As before, remember to import Pyramid._ when using this code.

Let's examine the code.

To start, I have a small type-based state machine, similar to what I used in my previous post. I changed the names of the classes to more accurately reflect the fact that I am counting the number of calls to methods, and I added a class to represent a count of two as distinct from larger numbers.

Next I define a class that ensures that the values passed to the setters are all strictly positive numbers (since they represent physical quantities), and I add a couple of implicit conversion methods to allow the caller to pass in ints or doubles. If the caller passes in a negative number, the builder will throw a runtime exception.

The Specs class is where I maintain my state information as the builder is being constructed. I use the same basic approach as in my previous post, with a set of parameter values and a set of compile-time constraints, the latter represented by the TT compound type. Note that in addition to the type parameter values that are directly associated with the parameters, which are used to ensure that each individual setter is called not more than once, there are two additional type values that do not directly correspond to parameter values or individual setters. The COUNT_BASE type value is associated with the length, width and area parameters, while the COUNT_VERT type value is associated with the height and edge parameters.

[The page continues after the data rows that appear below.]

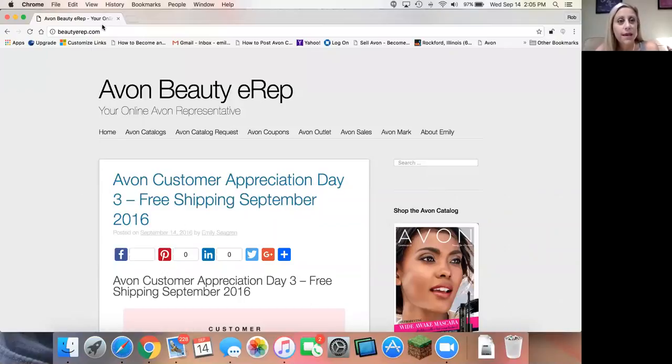I am here on my blog — it's called beautyerep.com — and this is a website that I've created for my Avon customers. I know my customers love when a new catalog comes out, and I know they love to find coupon codes for discounts, free shipping, free gifts, whatever it is. We all want a little something extra special with our order, so this is your place to go to find it.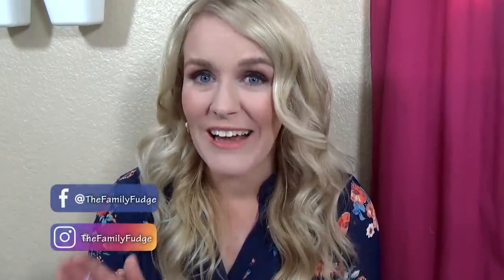Hey guys, and welcome to The Family Fudge. I'm Jennifer, and on today's video I'm gonna share with you my little girls' surprise bedroom makeover. It came out so cute, I can't wait for you to see it.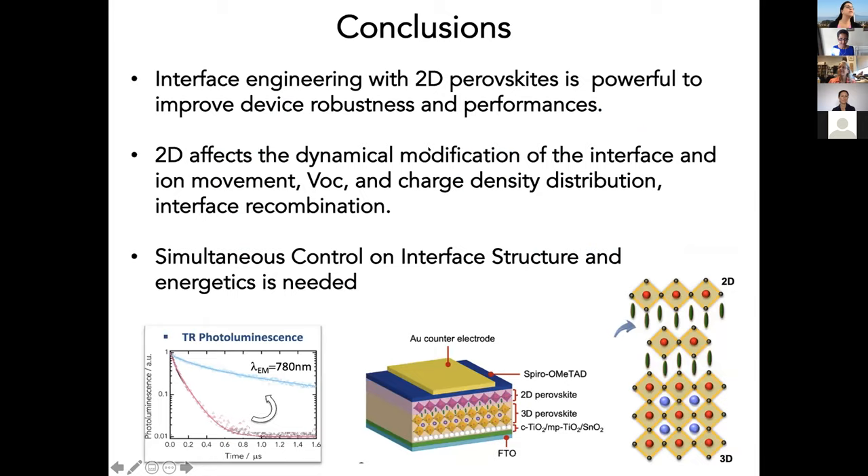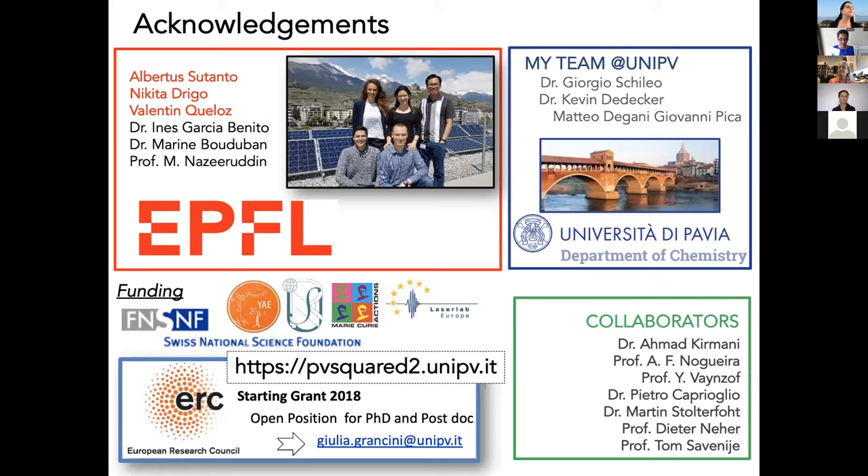To conclude, we believe that interface engineering with these methods can be a powerful tool to improve device robustness and performance. 2D perovskites are very fascinating materials and their interface with 3D perovskites affects dynamical behavior, VOC, charge distribution, and interface recombination, which all together impact device performance. Simultaneous control of interface structure, processes, and energetics is really important to derive a clear direction to optimize the device. Let me thank the people involved in the project — my PhD students still at EPFL in the group of Nazeeruddin, my team at the University of Pavia, collaborators, funders, and you for your kind attention.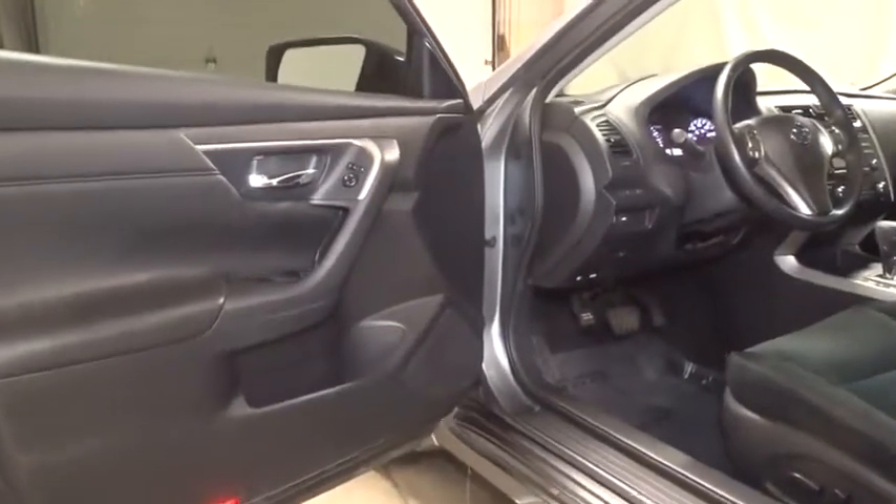Day and night rear view mirror, outside temperature gauge, tachometer, cloth seat trim, engine immobilizer, power rear window sunshade.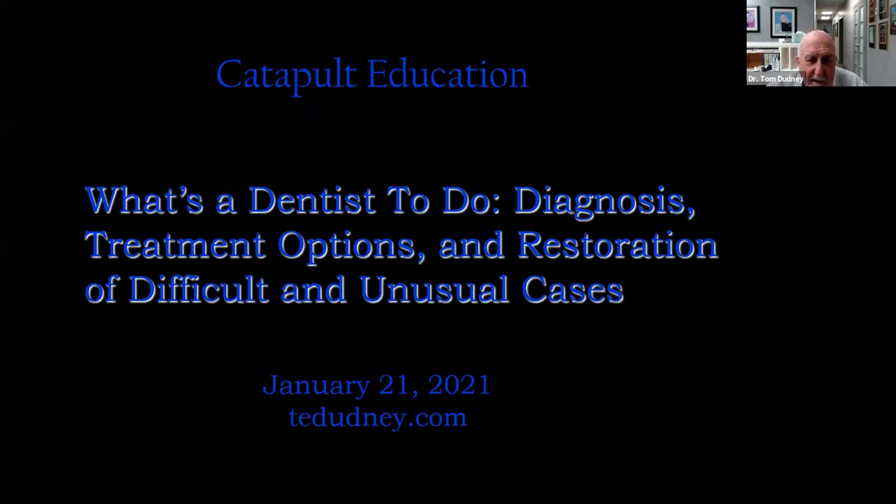Good evening, everyone. Welcome to another edition of Catapult Education Webinars. I'm excited to be with everyone tonight and I look forward to the next couple of hours. I know the title of the program tonight may suggest we're going to go through some cases and discuss what our thought process was, what treatment options might have been, how we arrived at our diagnosis and treatment plan.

This association is specified in the setter methods.

The SpecsWith class allows me to default all values to the previous step in the builder chain, so that I can override just the value I want to change in each setter.

Each of the five setters sets its parameter value, sets a new value for its individual type value counter, and also sets a new type value for one of the non-individual counters. Note how the setters for length, width and area all refer to COUNT_BASE, while the setters for height and edge both refer to COUNT_VERT.

I chose to define an apply() method rather than call it builder. This allows me to start my builder chain by specifying just Pyramid().

The CompleteSpecs type definition defines the end point that will be valid for a call to build. You can see here how it requires that COUNT_BASE be TWO and COUNT_HEIGHT be ONE. The other call counts can be zero or one.

Calc1 is the class that actually does the calculation of the physical parameters.

Finally, the specsOK implicit method provides the link that allows only a complete builder to call the build method that returns the calculator.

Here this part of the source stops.